Symmetrical, hypesthetic, confluent flesh‐colored papules and nodules without epidermal changes were observed centrofacially, involving the forehead, nose, cheek, and lip. There was also rarefaction of the lateral eyebrows (Figure 1). On the distal forearms, individual, ulnar‐sided, subcutaneous, indolent nodules were present.
Multibacillary lepromatous leprosy was suspected, associated with the typical leonine facies. Further diagnostic workup was immediately initiated, and the suspected case was reported to the responsible health authorities.
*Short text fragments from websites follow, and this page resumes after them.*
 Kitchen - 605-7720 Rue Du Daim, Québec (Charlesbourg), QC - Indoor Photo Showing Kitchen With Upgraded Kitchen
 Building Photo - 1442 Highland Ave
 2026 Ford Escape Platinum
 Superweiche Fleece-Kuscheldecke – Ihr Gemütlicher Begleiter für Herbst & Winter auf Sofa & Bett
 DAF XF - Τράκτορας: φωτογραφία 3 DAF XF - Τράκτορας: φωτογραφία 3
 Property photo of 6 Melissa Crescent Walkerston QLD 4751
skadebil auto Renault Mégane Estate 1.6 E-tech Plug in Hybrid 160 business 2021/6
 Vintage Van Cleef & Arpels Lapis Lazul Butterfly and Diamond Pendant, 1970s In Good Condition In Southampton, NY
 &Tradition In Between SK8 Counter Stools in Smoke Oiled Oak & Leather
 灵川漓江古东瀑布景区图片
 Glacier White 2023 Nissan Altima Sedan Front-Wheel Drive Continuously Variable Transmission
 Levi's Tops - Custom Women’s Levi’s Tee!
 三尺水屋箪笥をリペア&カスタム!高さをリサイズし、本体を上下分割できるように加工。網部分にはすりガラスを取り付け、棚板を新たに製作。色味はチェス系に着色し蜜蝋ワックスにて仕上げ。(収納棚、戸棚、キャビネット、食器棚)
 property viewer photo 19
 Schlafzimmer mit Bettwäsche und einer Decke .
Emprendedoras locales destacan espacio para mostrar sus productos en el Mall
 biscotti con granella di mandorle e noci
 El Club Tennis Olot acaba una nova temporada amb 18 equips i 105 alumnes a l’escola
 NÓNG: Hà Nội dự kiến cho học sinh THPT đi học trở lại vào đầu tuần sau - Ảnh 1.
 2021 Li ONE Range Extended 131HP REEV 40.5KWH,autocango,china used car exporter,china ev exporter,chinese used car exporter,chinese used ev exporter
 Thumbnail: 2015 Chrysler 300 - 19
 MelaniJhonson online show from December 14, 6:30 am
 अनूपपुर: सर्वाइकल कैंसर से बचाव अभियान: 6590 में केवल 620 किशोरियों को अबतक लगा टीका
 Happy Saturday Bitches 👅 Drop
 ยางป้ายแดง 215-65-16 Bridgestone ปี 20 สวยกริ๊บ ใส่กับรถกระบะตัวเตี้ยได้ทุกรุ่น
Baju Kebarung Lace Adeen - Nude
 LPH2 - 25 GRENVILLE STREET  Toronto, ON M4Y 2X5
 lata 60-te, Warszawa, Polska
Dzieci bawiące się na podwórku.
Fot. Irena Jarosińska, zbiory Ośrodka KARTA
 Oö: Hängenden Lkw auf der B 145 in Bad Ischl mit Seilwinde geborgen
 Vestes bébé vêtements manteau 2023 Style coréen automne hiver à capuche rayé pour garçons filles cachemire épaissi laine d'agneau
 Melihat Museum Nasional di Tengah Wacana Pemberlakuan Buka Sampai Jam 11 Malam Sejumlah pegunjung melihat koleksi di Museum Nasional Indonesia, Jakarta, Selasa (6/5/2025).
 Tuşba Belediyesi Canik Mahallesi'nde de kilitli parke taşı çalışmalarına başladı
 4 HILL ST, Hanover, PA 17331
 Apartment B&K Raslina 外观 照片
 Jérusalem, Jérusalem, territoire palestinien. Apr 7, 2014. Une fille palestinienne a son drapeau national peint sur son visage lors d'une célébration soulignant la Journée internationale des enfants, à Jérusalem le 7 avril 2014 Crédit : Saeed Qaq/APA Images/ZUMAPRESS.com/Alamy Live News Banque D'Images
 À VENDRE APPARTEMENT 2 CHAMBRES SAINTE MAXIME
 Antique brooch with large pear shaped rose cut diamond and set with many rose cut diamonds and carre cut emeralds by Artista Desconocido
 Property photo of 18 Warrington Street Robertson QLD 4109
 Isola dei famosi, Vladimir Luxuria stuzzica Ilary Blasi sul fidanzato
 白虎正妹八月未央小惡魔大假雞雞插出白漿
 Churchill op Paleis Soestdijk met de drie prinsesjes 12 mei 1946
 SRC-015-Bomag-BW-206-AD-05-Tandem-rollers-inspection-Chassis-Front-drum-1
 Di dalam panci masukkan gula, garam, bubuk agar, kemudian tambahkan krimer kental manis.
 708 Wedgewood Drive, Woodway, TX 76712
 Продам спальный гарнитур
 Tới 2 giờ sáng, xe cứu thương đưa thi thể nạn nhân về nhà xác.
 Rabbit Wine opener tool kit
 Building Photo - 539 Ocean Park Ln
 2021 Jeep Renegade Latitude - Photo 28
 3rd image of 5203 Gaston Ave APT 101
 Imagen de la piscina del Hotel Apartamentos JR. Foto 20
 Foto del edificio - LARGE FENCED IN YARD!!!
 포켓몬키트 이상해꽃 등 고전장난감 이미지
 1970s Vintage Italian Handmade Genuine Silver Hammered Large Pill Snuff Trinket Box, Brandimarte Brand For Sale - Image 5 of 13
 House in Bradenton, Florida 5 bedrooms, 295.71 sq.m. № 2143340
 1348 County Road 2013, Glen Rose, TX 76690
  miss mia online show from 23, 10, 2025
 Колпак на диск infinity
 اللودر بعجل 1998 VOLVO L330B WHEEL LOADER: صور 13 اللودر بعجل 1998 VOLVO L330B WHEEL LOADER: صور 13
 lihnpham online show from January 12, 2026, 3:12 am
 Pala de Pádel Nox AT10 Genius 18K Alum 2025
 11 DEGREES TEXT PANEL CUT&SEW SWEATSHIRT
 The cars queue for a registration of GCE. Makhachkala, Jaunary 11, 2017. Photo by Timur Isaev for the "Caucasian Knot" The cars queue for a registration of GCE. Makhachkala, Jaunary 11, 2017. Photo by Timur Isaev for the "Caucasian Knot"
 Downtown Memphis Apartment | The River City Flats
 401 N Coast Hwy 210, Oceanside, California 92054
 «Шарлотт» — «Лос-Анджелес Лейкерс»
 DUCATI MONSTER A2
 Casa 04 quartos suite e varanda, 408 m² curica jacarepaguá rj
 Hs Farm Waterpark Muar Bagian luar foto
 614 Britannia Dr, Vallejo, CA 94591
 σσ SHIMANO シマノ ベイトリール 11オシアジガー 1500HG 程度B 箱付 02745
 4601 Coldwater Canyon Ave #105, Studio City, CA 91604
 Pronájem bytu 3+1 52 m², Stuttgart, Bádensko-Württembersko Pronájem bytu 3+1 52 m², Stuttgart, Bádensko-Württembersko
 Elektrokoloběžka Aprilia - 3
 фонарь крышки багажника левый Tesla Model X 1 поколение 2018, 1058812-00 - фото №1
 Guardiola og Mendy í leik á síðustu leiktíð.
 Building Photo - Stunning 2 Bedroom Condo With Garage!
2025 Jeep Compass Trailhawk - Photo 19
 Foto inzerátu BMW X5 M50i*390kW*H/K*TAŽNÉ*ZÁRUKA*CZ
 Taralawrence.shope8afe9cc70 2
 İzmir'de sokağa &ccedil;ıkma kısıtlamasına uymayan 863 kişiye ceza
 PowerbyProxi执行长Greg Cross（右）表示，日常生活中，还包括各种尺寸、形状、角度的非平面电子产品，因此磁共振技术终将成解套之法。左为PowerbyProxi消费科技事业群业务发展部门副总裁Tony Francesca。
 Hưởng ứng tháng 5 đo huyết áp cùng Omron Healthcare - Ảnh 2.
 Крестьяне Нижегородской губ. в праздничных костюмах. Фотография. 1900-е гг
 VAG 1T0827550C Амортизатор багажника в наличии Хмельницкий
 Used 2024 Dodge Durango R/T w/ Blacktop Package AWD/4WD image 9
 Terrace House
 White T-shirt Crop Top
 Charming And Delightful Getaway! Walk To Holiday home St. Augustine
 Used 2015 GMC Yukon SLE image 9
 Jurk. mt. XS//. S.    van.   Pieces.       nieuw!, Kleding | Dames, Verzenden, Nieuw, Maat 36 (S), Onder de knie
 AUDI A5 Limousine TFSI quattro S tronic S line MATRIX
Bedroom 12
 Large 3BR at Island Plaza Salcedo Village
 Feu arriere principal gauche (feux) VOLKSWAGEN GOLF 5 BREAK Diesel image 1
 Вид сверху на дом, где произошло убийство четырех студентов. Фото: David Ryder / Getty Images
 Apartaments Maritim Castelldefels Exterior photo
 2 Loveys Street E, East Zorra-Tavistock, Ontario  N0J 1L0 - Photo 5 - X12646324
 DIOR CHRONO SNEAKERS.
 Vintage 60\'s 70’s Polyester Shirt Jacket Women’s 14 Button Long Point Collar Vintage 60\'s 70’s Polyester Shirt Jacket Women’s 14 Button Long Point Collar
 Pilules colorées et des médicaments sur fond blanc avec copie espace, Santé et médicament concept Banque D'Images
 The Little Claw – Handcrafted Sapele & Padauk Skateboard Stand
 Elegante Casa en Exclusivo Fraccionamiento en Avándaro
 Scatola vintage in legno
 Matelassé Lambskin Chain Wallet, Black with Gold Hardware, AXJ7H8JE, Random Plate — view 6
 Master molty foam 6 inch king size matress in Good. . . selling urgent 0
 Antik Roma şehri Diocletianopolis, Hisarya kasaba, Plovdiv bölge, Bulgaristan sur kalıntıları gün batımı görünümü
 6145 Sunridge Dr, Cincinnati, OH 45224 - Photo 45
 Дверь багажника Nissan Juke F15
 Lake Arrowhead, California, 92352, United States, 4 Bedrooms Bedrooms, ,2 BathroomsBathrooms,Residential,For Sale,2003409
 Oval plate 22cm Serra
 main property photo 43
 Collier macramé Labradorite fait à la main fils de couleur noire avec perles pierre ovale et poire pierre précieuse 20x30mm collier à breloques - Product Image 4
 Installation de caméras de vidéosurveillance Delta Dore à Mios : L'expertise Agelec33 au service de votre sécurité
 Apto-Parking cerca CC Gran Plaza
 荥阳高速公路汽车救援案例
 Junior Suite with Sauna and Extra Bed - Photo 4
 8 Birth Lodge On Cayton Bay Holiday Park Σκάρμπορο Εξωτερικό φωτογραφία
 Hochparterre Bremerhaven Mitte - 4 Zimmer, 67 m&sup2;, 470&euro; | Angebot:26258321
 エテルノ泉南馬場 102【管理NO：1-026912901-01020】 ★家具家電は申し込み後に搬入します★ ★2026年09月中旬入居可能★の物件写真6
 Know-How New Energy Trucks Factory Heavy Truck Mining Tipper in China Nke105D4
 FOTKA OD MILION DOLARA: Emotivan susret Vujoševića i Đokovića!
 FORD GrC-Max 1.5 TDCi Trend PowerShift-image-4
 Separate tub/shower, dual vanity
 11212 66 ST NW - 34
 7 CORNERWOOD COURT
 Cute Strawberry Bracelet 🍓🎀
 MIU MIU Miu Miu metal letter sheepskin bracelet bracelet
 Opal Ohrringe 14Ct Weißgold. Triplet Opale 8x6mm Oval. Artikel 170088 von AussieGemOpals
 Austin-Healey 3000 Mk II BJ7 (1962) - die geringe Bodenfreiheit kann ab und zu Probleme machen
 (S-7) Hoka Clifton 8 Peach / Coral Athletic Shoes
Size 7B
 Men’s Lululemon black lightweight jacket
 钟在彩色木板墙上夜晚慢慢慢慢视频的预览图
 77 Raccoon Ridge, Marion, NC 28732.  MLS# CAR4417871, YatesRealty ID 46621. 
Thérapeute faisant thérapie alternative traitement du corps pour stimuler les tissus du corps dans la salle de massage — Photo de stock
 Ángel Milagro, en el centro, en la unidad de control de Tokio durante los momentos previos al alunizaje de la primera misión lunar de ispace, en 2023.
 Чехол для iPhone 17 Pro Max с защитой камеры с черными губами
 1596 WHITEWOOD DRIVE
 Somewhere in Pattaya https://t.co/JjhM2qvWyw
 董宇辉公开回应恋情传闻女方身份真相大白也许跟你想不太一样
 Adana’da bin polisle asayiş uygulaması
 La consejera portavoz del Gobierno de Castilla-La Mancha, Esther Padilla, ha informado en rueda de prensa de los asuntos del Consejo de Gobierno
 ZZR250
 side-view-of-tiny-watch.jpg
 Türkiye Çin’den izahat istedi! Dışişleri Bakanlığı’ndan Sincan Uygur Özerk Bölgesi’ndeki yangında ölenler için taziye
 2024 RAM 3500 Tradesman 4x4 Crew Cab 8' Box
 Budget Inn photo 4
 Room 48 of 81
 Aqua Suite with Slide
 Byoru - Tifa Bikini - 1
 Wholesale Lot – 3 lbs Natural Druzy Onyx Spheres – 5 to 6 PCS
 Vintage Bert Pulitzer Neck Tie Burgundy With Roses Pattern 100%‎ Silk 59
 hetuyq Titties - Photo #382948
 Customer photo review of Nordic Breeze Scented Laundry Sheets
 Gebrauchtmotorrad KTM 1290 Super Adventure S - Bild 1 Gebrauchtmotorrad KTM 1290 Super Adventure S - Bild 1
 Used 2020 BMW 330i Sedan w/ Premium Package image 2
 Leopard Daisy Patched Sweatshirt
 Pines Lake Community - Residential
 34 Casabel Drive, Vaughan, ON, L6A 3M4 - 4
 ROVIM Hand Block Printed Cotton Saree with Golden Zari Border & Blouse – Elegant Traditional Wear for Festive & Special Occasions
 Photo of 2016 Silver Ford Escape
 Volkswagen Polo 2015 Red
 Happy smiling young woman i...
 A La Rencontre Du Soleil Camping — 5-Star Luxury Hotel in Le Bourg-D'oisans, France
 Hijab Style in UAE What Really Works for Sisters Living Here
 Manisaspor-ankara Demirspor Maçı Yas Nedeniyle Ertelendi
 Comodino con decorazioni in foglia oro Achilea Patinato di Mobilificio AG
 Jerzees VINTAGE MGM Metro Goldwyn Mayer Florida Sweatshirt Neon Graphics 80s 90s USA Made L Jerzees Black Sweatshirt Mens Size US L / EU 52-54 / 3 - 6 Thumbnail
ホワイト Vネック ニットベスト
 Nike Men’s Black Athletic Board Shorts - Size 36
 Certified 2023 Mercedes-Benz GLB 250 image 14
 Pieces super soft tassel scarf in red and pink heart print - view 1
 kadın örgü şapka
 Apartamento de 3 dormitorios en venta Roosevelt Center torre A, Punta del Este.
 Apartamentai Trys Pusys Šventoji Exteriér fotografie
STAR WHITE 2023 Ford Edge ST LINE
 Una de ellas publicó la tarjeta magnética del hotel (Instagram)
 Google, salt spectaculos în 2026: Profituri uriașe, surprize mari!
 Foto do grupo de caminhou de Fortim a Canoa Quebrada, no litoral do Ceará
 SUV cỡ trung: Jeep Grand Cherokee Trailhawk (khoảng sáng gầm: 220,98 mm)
Using RLEP‐Real‐Time‐qPCR, Mycobacterium leprae could be detected in swab material from the nasal mucosa and in two skin biopsies from the forehead, with a high bacterial load (nasal mucosa: approx. 35,000 bacteria in 50 µL DNA extract; Skin biopsies: approx. 668,000 and 750,000 bacteria in 50 µL DNA extract). A high PGL‐1 titer was found in serology. The additional conventional histopathological examination of another skin biopsy from the forehead revealed a pandermal, dense histiocytic infiltrate with foamy macrophages (Virchow cells) without epidermal changes. There were no giant cells.
Using Fite‐Faraco staining, large numbers of intracellular and in some cases interstitial rod bacteria were detected (Figure 2). This unambiguously confirmed the suspected diagnosis of leprosy. Secondary findings indicated a lapsed hepatitis B, but there was no serological evidence for hepatitis C or HIV infection.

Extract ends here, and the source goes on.